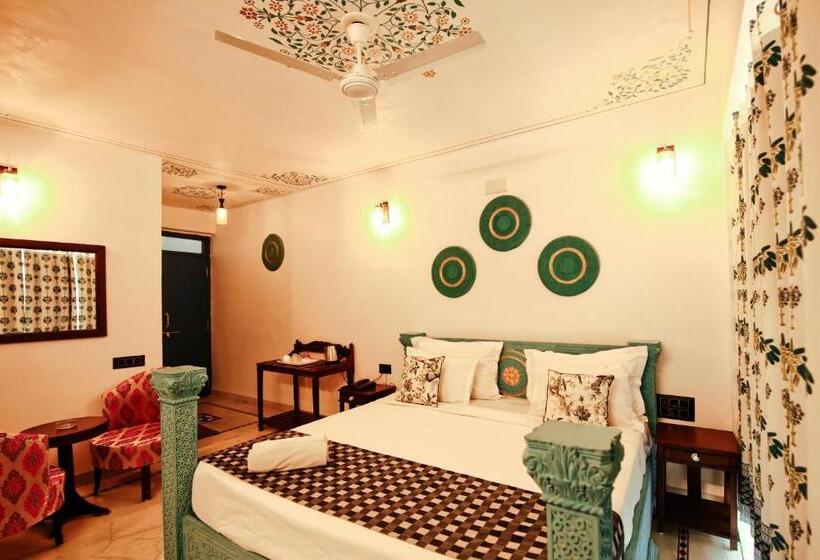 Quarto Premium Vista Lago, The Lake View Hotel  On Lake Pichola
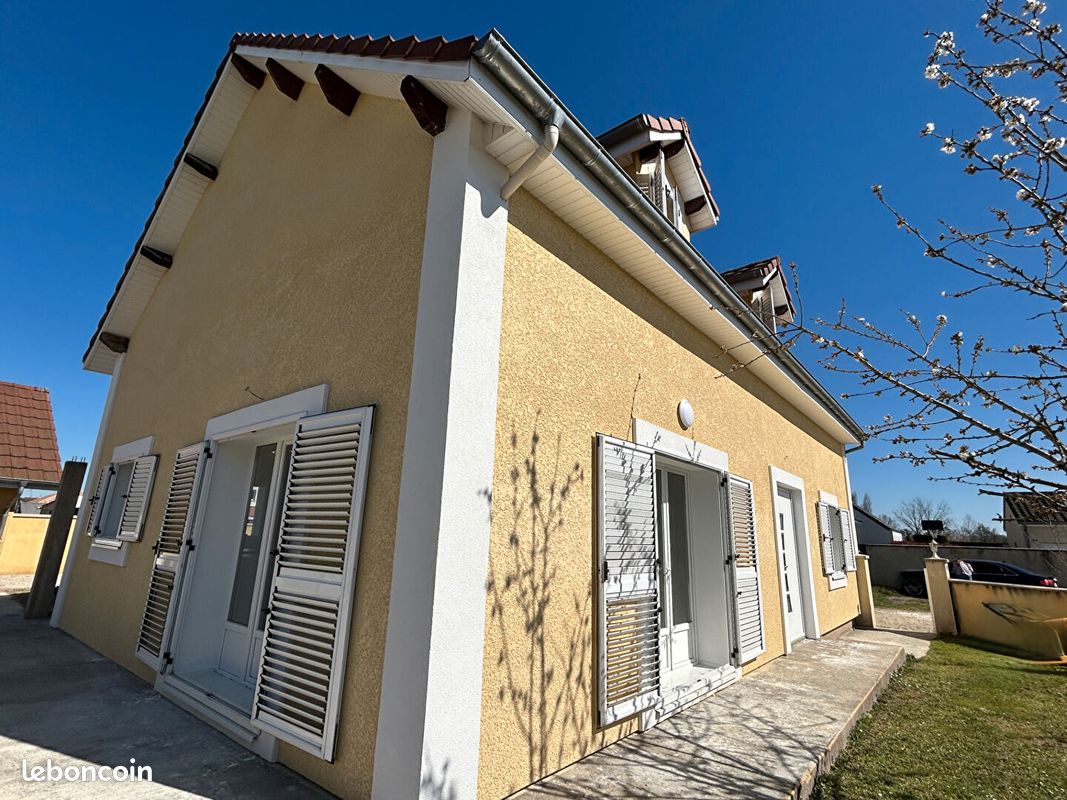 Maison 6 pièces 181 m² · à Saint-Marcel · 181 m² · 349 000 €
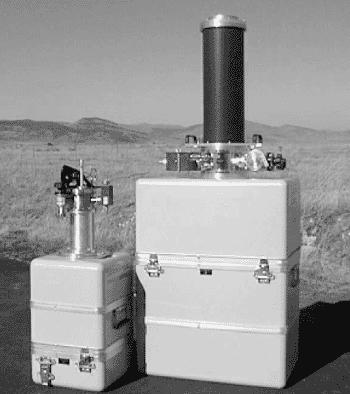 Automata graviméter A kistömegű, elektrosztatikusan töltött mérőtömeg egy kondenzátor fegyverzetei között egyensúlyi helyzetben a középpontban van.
==
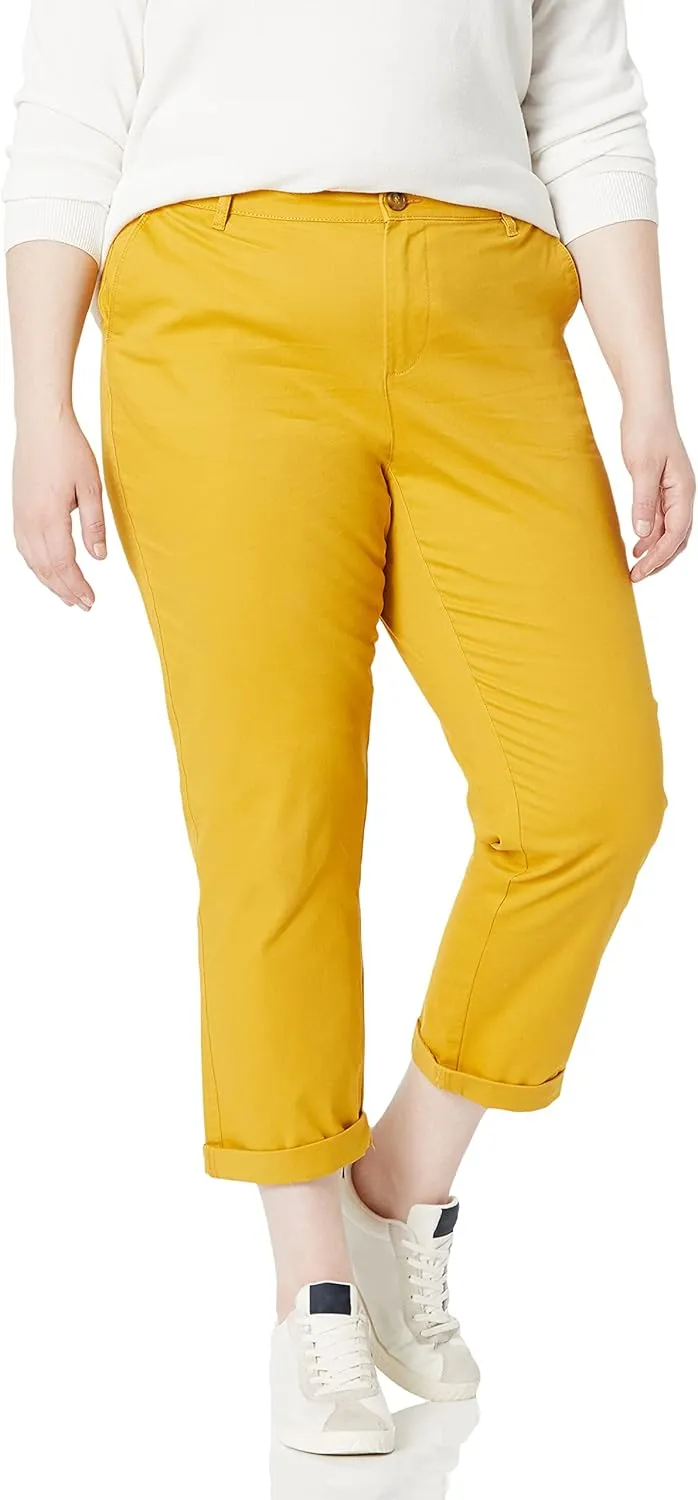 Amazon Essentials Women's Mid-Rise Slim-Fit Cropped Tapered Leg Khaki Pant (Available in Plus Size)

» Your objective:
When you reach the line with "Quarto Premium Vista" in the records above, start writing out each line exactly, and stop after the line with "Automata graviméter A". Pictures stay out.

» Your response:
 Quarto Premium Vista Lago, The Lake View Hotel  On Lake Pichola
 Maison 6 pièces 181 m² · à Saint-Marcel · 181 m² · 349 000 €
 Automata graviméter A kistömegű, elektrosztatikusan töltött mérőtömeg egy kondenzátor fegyverzetei között egyensúlyi helyzetben a középpontban van.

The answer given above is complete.